The realization that one’s position with regard to the dichotomy is closely related to one’s stance with regard to the academic independence of Public Administration is not new. Waldo already expressed it in his well-known closing line of The Administrative State:

“In any event, if abandonment of the politics-administration formula is taken seriously, if the demands of present world civilization upon public administration are met, administrative thought must establish a working relationship with every major province in the realm of human learning” (1948: 212).

Besides the fact that this sentence has been much quoted – sometimes even as a closing line – by students of Public Administration attempting to open up their field or elevate its status (e.g., Spicer 2005: 686; McCurdy and Rosenbloom 2006: 215), it has also had an interesting career in Waldo’s own writings.
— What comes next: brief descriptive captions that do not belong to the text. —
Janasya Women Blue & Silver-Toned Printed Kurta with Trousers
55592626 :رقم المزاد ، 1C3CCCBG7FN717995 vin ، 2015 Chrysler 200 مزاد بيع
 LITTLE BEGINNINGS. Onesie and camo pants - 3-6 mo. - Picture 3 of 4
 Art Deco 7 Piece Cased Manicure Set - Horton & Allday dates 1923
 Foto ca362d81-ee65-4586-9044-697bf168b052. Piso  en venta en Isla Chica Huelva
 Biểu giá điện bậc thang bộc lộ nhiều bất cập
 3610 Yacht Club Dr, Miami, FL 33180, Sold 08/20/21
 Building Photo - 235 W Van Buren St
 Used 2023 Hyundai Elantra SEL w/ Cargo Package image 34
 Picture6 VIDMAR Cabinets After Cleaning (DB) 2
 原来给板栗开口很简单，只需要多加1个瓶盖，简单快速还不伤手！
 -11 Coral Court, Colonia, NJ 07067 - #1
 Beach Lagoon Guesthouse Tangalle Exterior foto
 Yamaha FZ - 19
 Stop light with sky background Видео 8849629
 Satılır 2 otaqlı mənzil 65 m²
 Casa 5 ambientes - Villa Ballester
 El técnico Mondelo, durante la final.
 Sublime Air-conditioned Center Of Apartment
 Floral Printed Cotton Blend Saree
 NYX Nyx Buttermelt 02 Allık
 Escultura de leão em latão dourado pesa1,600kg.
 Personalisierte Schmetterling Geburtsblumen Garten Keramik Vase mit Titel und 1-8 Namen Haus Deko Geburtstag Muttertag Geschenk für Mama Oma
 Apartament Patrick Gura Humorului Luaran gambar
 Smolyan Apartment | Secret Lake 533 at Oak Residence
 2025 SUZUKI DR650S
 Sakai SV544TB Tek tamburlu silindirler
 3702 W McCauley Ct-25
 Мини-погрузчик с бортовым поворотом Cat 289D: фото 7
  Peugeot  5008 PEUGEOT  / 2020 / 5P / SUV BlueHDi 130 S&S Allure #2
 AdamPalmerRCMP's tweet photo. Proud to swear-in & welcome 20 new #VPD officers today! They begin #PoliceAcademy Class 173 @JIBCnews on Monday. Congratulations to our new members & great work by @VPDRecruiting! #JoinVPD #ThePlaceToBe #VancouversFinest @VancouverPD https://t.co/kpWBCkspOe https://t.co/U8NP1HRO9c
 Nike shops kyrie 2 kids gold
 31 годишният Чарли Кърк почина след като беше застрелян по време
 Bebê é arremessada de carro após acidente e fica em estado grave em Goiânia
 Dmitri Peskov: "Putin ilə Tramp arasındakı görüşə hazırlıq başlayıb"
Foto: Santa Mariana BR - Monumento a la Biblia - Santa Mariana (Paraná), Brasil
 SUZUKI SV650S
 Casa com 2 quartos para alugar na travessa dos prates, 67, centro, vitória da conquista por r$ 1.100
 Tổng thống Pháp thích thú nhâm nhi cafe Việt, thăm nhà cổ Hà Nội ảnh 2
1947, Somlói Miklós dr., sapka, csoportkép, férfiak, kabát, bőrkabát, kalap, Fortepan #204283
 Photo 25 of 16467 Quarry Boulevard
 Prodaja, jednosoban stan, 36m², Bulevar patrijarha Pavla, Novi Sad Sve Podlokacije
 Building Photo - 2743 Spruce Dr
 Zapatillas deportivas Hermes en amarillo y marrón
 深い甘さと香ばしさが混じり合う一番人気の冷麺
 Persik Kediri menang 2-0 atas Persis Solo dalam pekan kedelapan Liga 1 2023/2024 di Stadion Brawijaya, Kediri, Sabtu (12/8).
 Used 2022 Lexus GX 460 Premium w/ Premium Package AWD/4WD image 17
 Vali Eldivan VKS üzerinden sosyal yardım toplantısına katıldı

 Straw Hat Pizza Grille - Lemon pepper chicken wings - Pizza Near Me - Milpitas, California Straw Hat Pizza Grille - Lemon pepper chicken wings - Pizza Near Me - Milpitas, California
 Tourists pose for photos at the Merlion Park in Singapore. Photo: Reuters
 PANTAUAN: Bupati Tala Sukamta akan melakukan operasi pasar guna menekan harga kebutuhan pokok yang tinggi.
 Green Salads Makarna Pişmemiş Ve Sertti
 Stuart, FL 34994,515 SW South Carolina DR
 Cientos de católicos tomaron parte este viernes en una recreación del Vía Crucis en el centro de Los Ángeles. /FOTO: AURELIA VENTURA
He used it again as a closing line in The Study of Administration, but that time the crucial phrase “if abandonment of the politics-administration formula is taken seriously” was left out (1968d: 70). It is tempting to interpret this deletion as an indication of Waldo’s emerging doubts about the abandonment of the dichotomy, but he has never explicitly stated his motives for the deletion and it may well have been unintentional.4 At the same time, his later writings testify that he grew increasingly sympathetic to the dichotomy and also more conciliatory towards Political Science. In congruence with and as a continuation of his developing line of thinking, therefore, I may perhaps take the liberty to rephrase his famous closing line and use it as my own:

In any event, if abandonment of the politics-administration formula is reconsidered and reversed, if the demands of present world civilization upon public administration are met, administrative thought must establish a working relationship with political thought more than any other province in the realm of human learning.

4 In the Introduction to the second edition of The Administrative State, Waldo relates how to his embarrassment the editor of The Study of Administration had single-handedly deleted an introductory sentence and the quotation marks that were meant to indicate that the closing line was here used for the second time (1984: lviii). Perhaps he also deleted the crucial phrase.